Additionally, what actions you take after your arrest can make a significant impact upon the potential punishments you may face. Individuals who have been pulled over with particularly high BAC’s (.15 or higher) may face a harsher penalty than those individuals whose BAC calculator is just minimally above the legal limit of .08. Repeat offenders and high BAC defendants may want to involve themselves in rehabilitative programs as a demonstration of their seriousness. In general, judges are positively influenced by defendants who demonstrate an open and responsible attitude. Conversely, judges often frown upon high BAC defendants and repeat offenders who take little or no rehabilitative actions between the time of their arrest and sentencing.

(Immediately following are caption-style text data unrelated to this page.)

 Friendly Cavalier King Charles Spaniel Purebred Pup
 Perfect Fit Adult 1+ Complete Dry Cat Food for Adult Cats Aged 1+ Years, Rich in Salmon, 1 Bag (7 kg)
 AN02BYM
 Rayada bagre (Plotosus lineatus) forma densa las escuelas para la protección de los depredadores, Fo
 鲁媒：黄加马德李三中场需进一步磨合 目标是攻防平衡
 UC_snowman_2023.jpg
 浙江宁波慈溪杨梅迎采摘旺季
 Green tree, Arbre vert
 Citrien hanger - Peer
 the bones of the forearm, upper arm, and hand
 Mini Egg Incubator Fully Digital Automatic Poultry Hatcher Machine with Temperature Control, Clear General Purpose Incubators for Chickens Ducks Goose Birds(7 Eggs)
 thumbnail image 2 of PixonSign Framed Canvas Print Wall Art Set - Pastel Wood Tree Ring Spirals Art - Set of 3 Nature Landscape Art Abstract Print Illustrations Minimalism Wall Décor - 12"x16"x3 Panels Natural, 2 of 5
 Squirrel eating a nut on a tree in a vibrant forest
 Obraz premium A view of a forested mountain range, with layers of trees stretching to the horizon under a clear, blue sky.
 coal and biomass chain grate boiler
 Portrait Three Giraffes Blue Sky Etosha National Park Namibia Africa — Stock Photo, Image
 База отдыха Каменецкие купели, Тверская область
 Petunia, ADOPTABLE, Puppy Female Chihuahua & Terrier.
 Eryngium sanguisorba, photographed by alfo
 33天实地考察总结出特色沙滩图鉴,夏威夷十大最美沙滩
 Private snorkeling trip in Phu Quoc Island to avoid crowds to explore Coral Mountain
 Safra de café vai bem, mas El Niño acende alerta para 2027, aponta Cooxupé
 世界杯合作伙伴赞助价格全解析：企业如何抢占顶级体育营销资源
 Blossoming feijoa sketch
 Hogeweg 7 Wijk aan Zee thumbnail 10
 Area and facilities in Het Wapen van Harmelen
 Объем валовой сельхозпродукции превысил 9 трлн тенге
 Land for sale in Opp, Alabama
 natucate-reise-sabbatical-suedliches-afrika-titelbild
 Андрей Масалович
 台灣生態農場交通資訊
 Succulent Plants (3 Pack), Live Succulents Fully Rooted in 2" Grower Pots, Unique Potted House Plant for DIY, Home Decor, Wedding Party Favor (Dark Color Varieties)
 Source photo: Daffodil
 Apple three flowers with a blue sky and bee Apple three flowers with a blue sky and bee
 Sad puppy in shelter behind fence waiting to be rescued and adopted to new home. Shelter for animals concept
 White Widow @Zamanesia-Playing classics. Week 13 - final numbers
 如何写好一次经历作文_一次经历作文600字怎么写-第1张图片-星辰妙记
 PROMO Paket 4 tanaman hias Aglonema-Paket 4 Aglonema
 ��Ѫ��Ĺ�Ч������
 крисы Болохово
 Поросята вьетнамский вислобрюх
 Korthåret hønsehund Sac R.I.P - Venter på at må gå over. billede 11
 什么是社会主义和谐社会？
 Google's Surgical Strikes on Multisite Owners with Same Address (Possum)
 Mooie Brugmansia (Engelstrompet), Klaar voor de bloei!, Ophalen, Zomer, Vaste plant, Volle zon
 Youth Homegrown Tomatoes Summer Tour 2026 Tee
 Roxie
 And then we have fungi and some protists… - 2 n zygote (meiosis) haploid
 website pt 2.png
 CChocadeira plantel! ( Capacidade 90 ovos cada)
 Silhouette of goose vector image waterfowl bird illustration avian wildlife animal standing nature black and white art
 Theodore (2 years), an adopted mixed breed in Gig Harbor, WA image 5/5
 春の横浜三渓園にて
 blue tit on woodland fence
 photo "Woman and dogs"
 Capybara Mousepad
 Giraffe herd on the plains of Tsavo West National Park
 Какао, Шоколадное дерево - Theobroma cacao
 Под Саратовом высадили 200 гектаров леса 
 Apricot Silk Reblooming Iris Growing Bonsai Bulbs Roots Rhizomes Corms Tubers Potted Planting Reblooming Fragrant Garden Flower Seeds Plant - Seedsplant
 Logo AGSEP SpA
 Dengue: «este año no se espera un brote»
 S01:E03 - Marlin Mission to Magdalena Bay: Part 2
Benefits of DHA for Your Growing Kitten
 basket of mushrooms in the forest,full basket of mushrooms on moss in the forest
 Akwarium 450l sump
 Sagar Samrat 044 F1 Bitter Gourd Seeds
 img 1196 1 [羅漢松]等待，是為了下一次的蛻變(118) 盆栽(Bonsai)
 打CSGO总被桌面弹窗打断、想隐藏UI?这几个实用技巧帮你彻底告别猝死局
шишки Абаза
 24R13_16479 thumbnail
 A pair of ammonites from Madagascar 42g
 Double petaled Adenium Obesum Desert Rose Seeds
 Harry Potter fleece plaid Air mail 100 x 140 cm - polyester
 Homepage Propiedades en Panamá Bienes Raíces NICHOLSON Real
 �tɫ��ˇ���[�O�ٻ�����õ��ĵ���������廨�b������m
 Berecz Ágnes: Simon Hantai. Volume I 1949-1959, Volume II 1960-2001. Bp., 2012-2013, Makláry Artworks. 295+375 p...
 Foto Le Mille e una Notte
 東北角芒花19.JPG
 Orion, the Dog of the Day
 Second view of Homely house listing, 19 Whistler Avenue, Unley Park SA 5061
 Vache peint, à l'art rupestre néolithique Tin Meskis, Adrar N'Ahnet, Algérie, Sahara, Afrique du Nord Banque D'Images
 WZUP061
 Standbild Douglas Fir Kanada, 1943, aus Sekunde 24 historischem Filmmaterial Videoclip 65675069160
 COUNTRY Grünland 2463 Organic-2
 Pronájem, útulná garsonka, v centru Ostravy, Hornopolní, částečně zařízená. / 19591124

- 6. What are Some Potential Defenses to a DUI Charge?
There are many potential defenses in a DUI case because of the complexity of the offense. The majority can be broken down in the following areas:
Intoxication is not enough. The prosecution must prove that the defendant was driving. This may be difficult if, as in the case of some accidents, there are no witnesses to identify the driver of the vehicle.
Evidence will be suppressed if the officer did not have legal cause to (a) stop, (b) detain and (c) arrest. Sobriety roadblocks present particularly complex issues.
Incriminating statements may be suppressed if warnings were not given at the appropriate time.
Under the Influence
The officer’s observations and opinions as to intoxication can be questioned. An attorney should attack the circumstances of the field sobriety tests and the predisposed nature of what the officer considers “failing”. Other witnesses can also testify that you appeared to be sober.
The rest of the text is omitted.